Ho raccolto l’idea da Arianna, una novellina qui su WordPress che mi stupisce per la sua voglia di comunicare e postare, postare postare… con una regolarità stupefacente, che a me ultimamente manca.
Le regole del gioco sono, temo, chiare a tutti, ma vediamo di riassumerle per gli smemorati. Dunque, bisogna citare un libro che…
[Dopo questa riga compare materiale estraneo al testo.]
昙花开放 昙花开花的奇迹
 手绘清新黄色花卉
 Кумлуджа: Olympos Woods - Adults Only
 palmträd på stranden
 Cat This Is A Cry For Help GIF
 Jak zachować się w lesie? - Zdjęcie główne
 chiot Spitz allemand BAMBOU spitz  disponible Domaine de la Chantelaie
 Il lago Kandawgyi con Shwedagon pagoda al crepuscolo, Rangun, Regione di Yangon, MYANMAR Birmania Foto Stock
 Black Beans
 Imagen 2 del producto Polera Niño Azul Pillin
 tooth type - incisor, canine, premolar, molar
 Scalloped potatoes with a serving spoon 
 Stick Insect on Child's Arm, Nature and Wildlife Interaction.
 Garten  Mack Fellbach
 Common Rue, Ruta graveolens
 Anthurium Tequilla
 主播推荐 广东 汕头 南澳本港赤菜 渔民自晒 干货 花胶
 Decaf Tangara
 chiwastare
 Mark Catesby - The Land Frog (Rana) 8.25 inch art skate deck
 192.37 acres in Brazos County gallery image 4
  1. EPIC INTRO: Un libro che ti ha catturato fin dalla prima pagina: High Rise, di J. G. Ballard, che credo in italiano si chiami Il Condominio. L’intero libro è da leggere (io l’ho fatto colpevolmente tardi, nell’agosto del 2015) perché ti cattura, ti tiene attaccato alle sue poche pagine fino alla fine, ma l’inizio è qualcosa di sensazionale. L’autore riesce a mescolare un linguaggio narrativo dal tono assolutamente casuale con una scena introduttiva che invece stravolge completamente la vera immagine che abbiamo della società. C’è qualcosa di profondamente sbagliato in quello che succede in scena, il lettore lo sa, eppure, per effetto del linguaggio di Ballard, fatica un poco a mettere a fuoco il problema. Sconvolgente.
  2. DUNGEONS & DRAGONS: Un mondo fantastico che ti piacerebbe visitare: Chiederlo a una che ha viaggiato frequentemente a Fantasia, Oz e in mille altri posti è un po’ crudele. Diciamo che sono due i mondi che mi sono rimasti nel cuore, la Terra di Mezzo e quello di Harry Potter, e che, se proprio sono costretta a scegliere, oggi opto per quest’ultimo. La Terra di Mezzo ha atmosfera, eh!, ma anche una storia politica che potremmo eufemisticamente definire turbolenta.🙂
  3. SQUAD GOALS: Il tuo gruppo di amici preferito: I Tre Moschettieri con D’Artagnan annesso, non si discute. Ne ho già parlato più volte sul blog e non mi dilungo qui, perché altrimenti il book tag diventa un saggio breve.
  4. ABC’s & CHRISTMAS LIGHTS: Un personaggio mentalmente instabile: Sul serio? Da amante di Shakespeare devo citarne solo uno? Allora stasera propendo per Lear.
  5. THE UPSIDE DOWN: Un libro totalmente differente rispetto alle tue aspettative: Flint and Silver: A Prequel to Treasure Island, di J. Drake. L’ho appena finito di leggere e purtroppo, nonostante le premesse interessanti dei primi capitoli, l’esito finale è stato deludente.
  6. MAD SCIENTISTS: Un distopico con il governo peggiore: Non leggo molte storie distopiche e di quelle che ho racimolato nel corso degli anni solo alcune descrivono in modo sufficientemente preciso il governo. Penso comunque che 1984, di G. Orwell, sia una citazione obbligata.
  7. DEMOGORGON: Una creatura che non vorresti mai vedere uscire dal muro di casa tua: La balena di Moby Dick (H. Melville), così com’è vista da Achab. Non solo per la stazza, anche se vedersi uscire un cetaceo dal muro lilla della mia camera da letto potrebbe essere sufficientemente traumatico, si trattasse pure del delfino Flipper. Il punto è che il mostro descritto dal capitano della baleniera non ha nulla di naturale, ma è invece talmente umanizzato, deformato dall’ossessione di quest’uomo che non ha altro nella vita – perché tutto ha esiliato da se stesso per inseguire la balena -, da diventare una vera e propria creatura satanica, da incubo.
  8. CLIFFHANGER ENDING: Un libro con un finale mozzafiato: The Night Manager, di J. Le Carrè, che in italiano fa Il Direttore di Notte. Se avete visto la miniserie prodotta dalla BBC – tra l’altro, con un ottimo Hugh Laurie e un Tom Hiddleston che ne è la degna controparte -, sappiate che non è quello il finale di cui sto parlando. C’è una tensione, nel libro, che non è stata replicata nella serie tv. Un’inquietudine di fondo e una viva e reale preoccupazione per le sorti del protagonista e almeno di un altro personaggio della storia, mista alla sensazione di trionfare con Roper, mentre… non posso dire di più, altrimenti vi rovino la sorpresa.😀

 

Insomma, avete capito come si fa, no?
Consideratevi tutti nominati e sentitevi liberi di raccogliere il mio testimone e fare il book tag. Non vedo l’ora di scoprire che libri citerete!